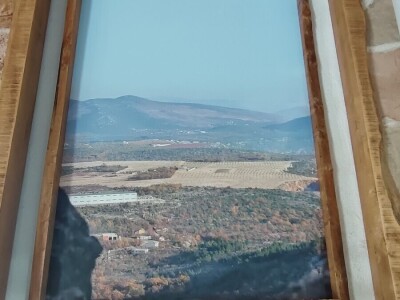 U LjUBUŠKOM NAJVEĆI MASLINIK NA BALKANU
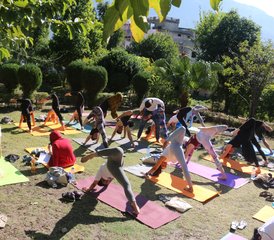 59 días de profesorado de yoga de fusión y terapias holísticas de 500 horas en Rishikesh, Uttarakhand, India - Photo 3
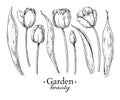 Tulip flower and leaves drawing. Vector hand drawn engraved flor Royalty Free Stock Photo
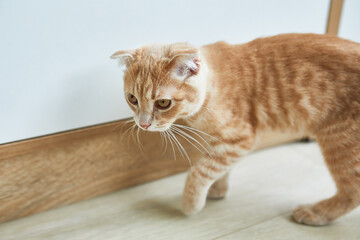 Wall Mural - Scottish fold ginger young cat on at home, playful kitten, funny, love domestic pets.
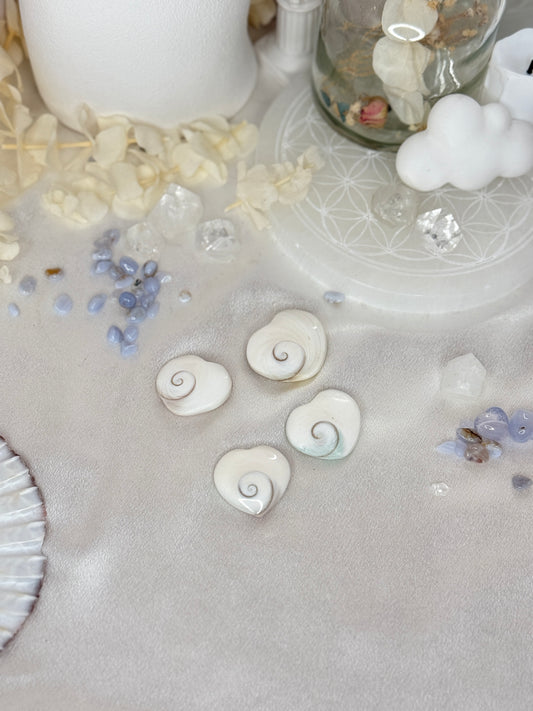 Coquillages Œil de Shiva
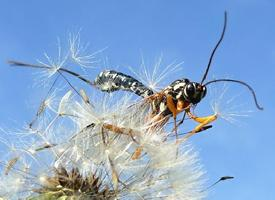 Photo: Sabre wasp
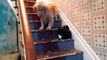 Chat méchant bloque les chiens dans l'escalier : hilarant!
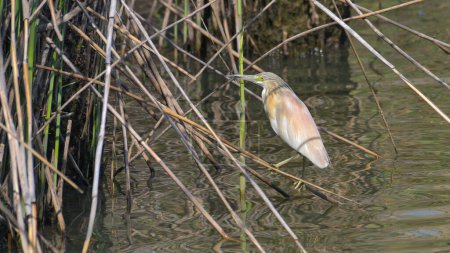 Squacco Heron in the marsh looking for fish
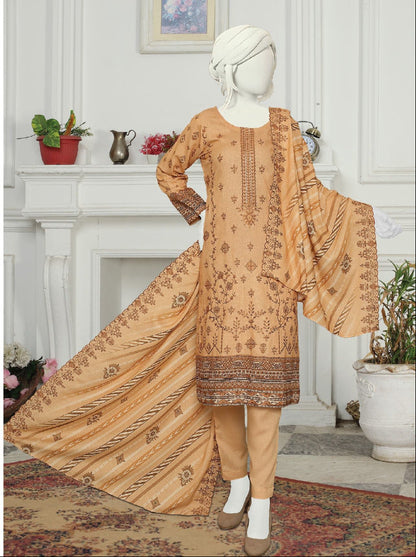 Bemisal by ABC | Unstitched 3-Piece Embroidered Printed Karandi Collection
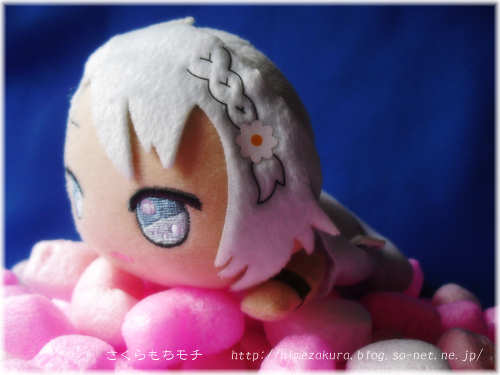 04shinwatop.jpg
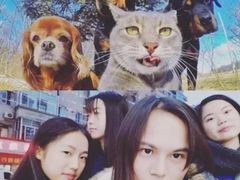 -蒙自源小锅米线(金佰利店)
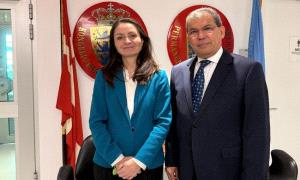 السعدي يستعرض مستجدات اليمن مع مندوبتي الدنمارك واليونان بالأمم المتحدة
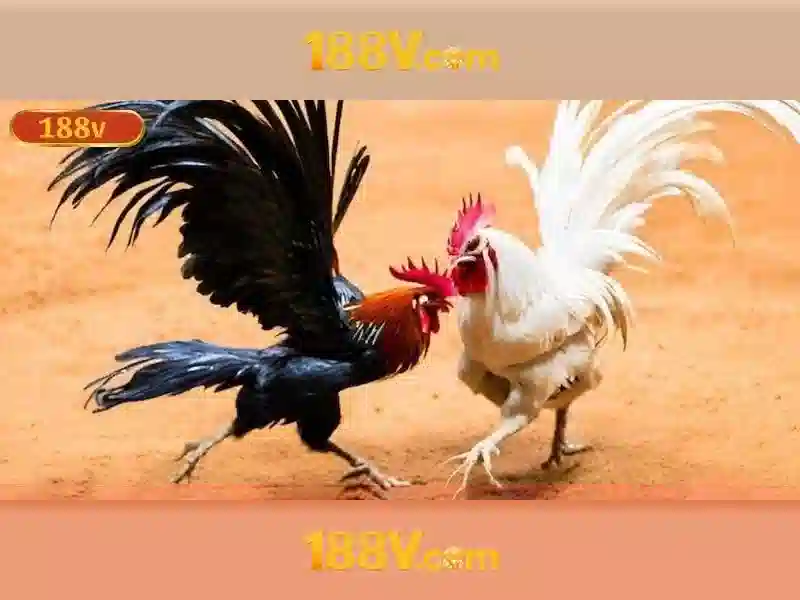 188v: một khung thời gian và ý nghĩa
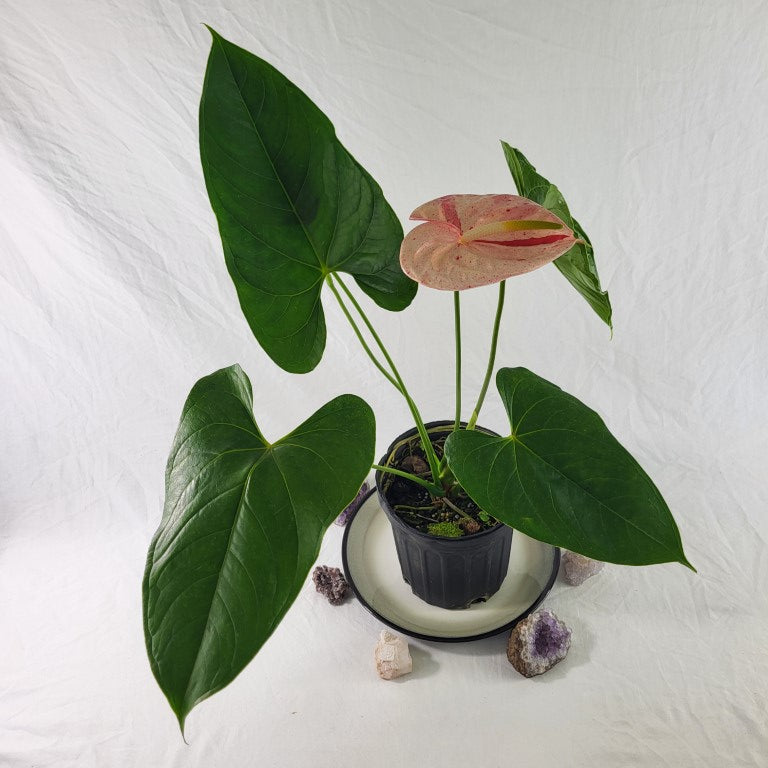 Anthurium Shibori, Exact Plant Variegated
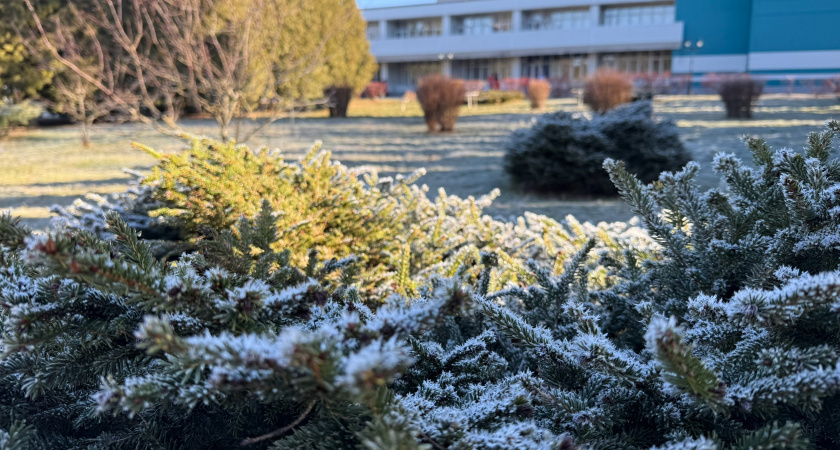    Фото: ПроГород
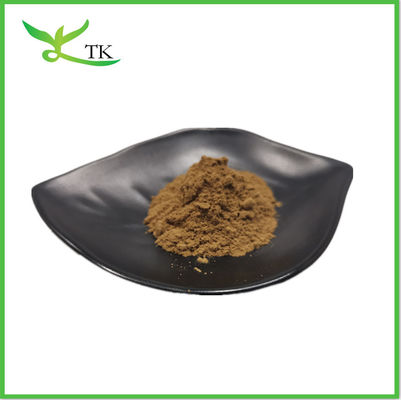Συμπλήρωμα Cistanche Tubulosa Extract Powder 50% Εχινακοσίδη + 10% Βερβακοσίδη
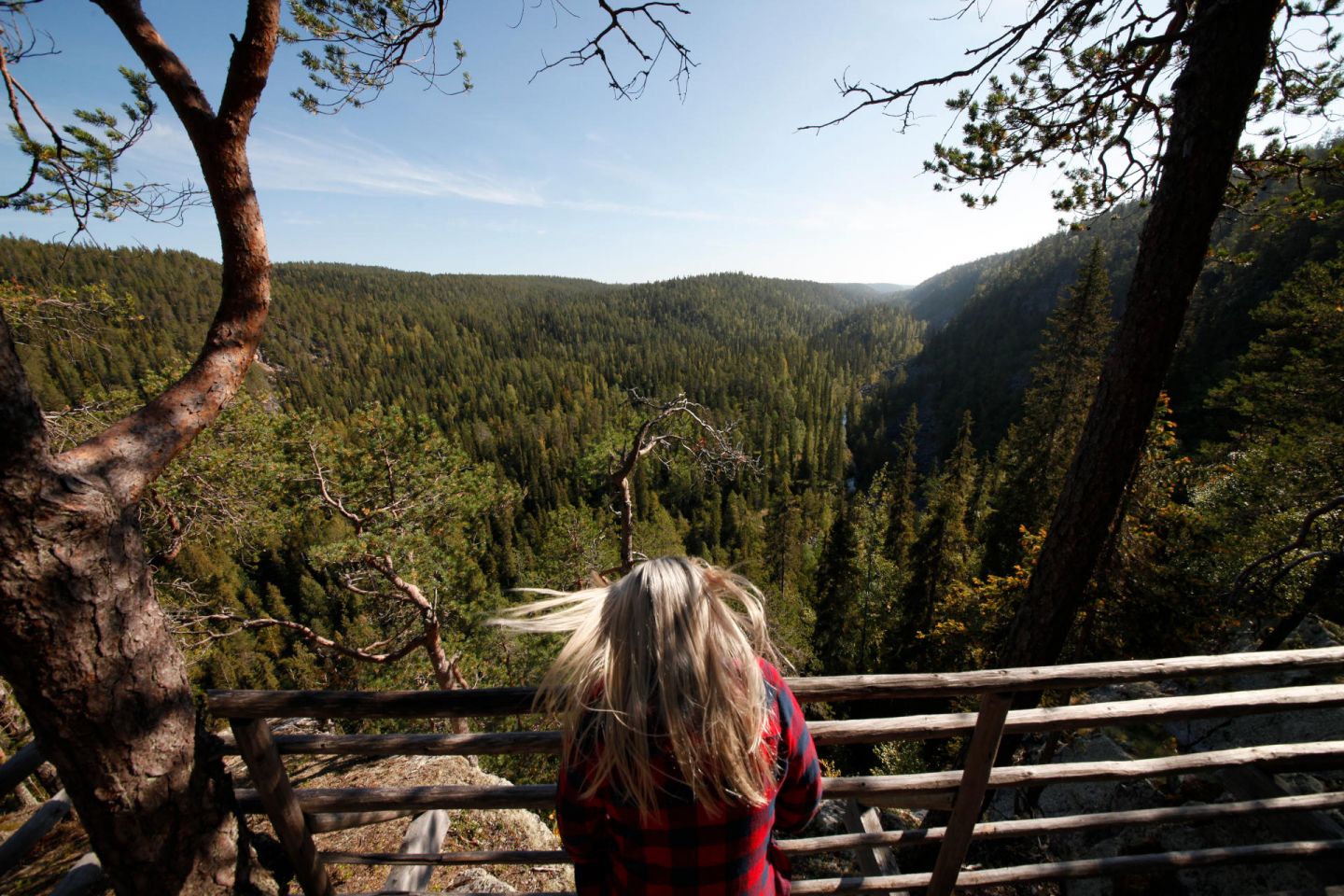 Enjoying the summer breeze in Korouma, Posio, Lapland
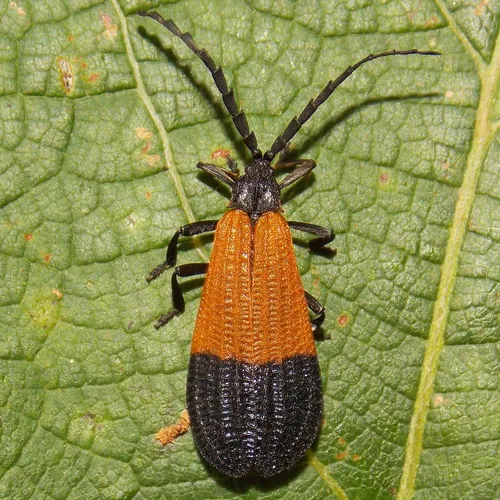 Net-winged Beetles - photo 2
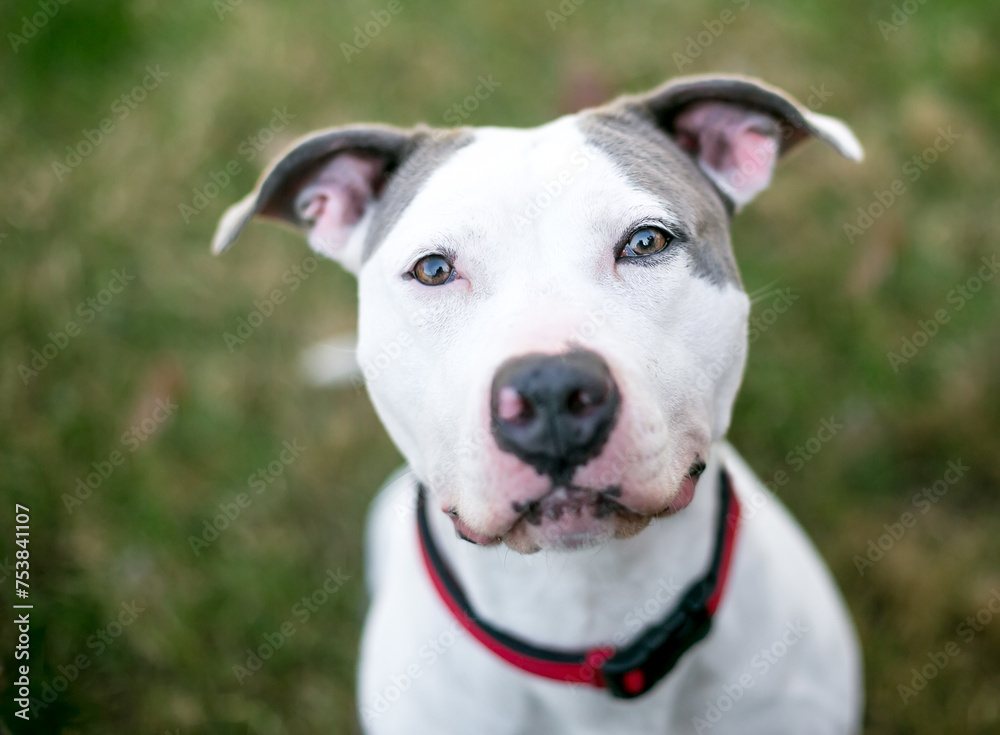 A Pit Bull Terrier mixed breed dog looking up at the camera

#####

= Directions =
Output all of the entries verbatim, leaving out any images.

= Exercise answer =
 U LjUBUŠKOM NAJVEĆI MASLINIK NA BALKANU
 59 días de profesorado de yoga de fusión y terapias holísticas de 500 horas en Rishikesh, Uttarakhand, India - Photo 3
 Tulip flower and leaves drawing. Vector hand drawn engraved flor Royalty Free Stock Photo
 Wall Mural - Scottish fold ginger young cat on at home, playful kitten, funny, love domestic pets.
 Coquillages Œil de Shiva
 Photo: Sabre wasp
 Chat méchant bloque les chiens dans l'escalier : hilarant!
 Squacco Heron in the marsh looking for fish
 Bemisal by ABC | Unstitched 3-Piece Embroidered Printed Karandi Collection
 04shinwatop.jpg
 -蒙自源小锅米线(金佰利店)
 السعدي يستعرض مستجدات اليمن مع مندوبتي الدنمارك واليونان بالأمم المتحدة
 188v: một khung thời gian và ý nghĩa
 Anthurium Shibori, Exact Plant Variegated
    Фото: ПроГород
Συμπλήρωμα Cistanche Tubulosa Extract Powder 50% Εχινακοσίδη + 10% Βερβακοσίδη
 Enjoying the summer breeze in Korouma, Posio, Lapland
 Net-winged Beetles - photo 2
 A Pit Bull Terrier mixed breed dog looking up at the camera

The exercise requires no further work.